For this experiment, three biological replicates of six HNSCC cell lines (SCC47, SCC90, 93VU, PCI30, SCC003, and SCC036), as described above, were grown in T75 flasks in DMEM supplemented with 10% FCS and 1% penicillin/streptomycin, then RNA was extracted from (RNeasy Mini kit; Qiagen GmBH) in accordance with the manufacturer's recommended protocols, with DNAse digestion. cDNA was synthesized from 500 ng RNA (SuperScript II cDNA synthesis kit; Invitrogen) in accordance with the manufacturer's instructions.

Primers were designed for CDH8, PCDH10, DNMT1, DNMT3a and DNMT3b using a primer design tool (Integrated DNA Technologies, Coralville, IA, USA). Sequences are shown in Table 1.

Table 1 Primers used for quantitative PCR.

Master mixes were made up with SYBR Green (Applied Biosystems, Foster City, CA, USA), 0.2 μmol/l primers and 1 μl cDNA in 10 μl reactions, and qPCR was carried out on a thermal cycler (Realplex4 Mastercycler; Eppendorf AG, Hamburg, Germany) for 10 minutes at 95°C, followed by 40 cycles of 15 seconds at 95°C and 60 seconds at 60°C. Relative expression was defined in terms of fold change of expression between the cluster of three negative cell lines relative to three positive cell lines for CDH8 and PCDH10, and vice versa for DNMT3a, DNMT3b, and DNMT1 using the ΔΔCt method on Ct values obtained from qPCR. P values were calculated using the two-tailed Student's t-test across Ct values for the six cell lines from three independent experiments.

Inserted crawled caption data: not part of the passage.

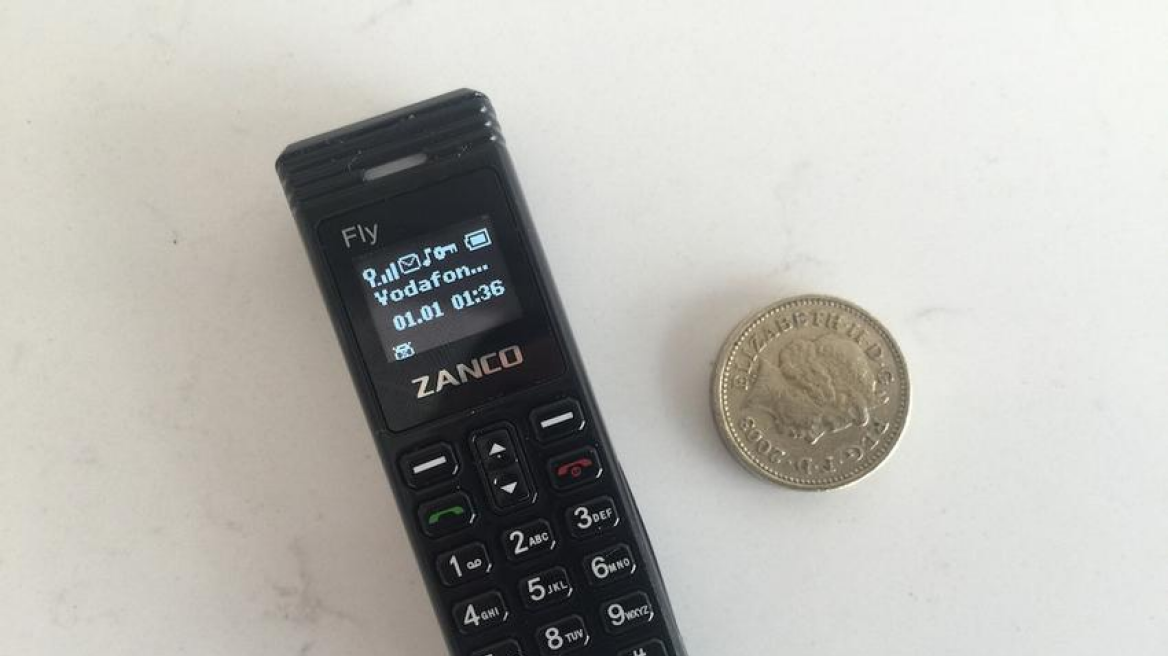 Το μικρότερο κινητό τηλέφωνο του κόσμου έχει μέγεθος αντίχειρα	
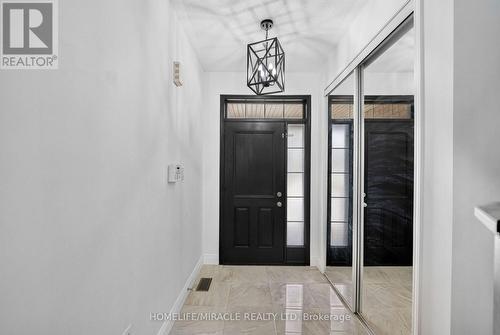 452 Tyrone Crescent, Milton, ON -  Photo Showing Other Room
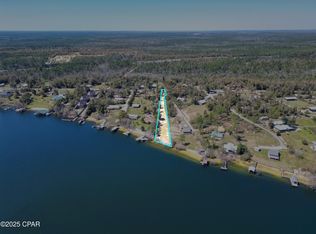 452 Lakepoint Rd, Alford, FL 32420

HPV+ tumors have a distinct DNA-methylation signature

To investigate whether HPV+ and HPV- tumors have distinct epigenetic signatures, we performed genome-wide DNA-methylation profiling using the 450 k Illumina Infinium platform [47], which allows the methylation state of over 480,000 cytosine sites (mostly CpG sites) to be interrogated. FFPE samples from 21 HPV+ and 21 HPV- tumors were analyzed. Raw data were subjected to a stringent quality-control analysis (Methods). This resulted in a raw data matrix of 439,385 probes and 32 samples (18 HPV+ and 14 HPV-). This raw data matrix was then subjected to principal component analysis to determine the nature of the largest components of variation. Using RMT [36, 37], we estimated a total of nine significant components of variation, which were mainly correlated with biological factors. The first two components correlated with HPV status, and confirming this, a scatter plot along these showed that samples segregated according to HPV status (Figure 1A, B). Importantly, there was no substantial variation associated with technical factors, including Sentrix position or identification (Figure 1A).

Figure 1
figure 1

Unsupervised analysis of the top 250 methylation variable positions (MVPs) in formalin-fixed, paraffin wax-embedded (FFPE) human papillomavirus-positive (HPV+) and HPV-negative (HPV-) tumor samples. (A) Singular value decomposition: PC-k denotes the kth principal component, DA denotes survival at censoring date. The first two principal components PC-1 and PC-2 most strongly correlated with HPV status, whereas the remaining significant components associated with clinical parameters, including alcohol consumption, smoking, age, sex, tumor stage, and grade. No association was found with technical factors (such as Sentrix position and Sentrix ID) on the array. (B) The first two principal components clearly distinguish HPV status. HPV+ samples are plotted in black, HPV- samples are in red, and m/f indicates male/female. (C) Clusters inferred by the unsupervised consensus-clustering algorithm for the top 250 MVPs as found using the MAD estimator.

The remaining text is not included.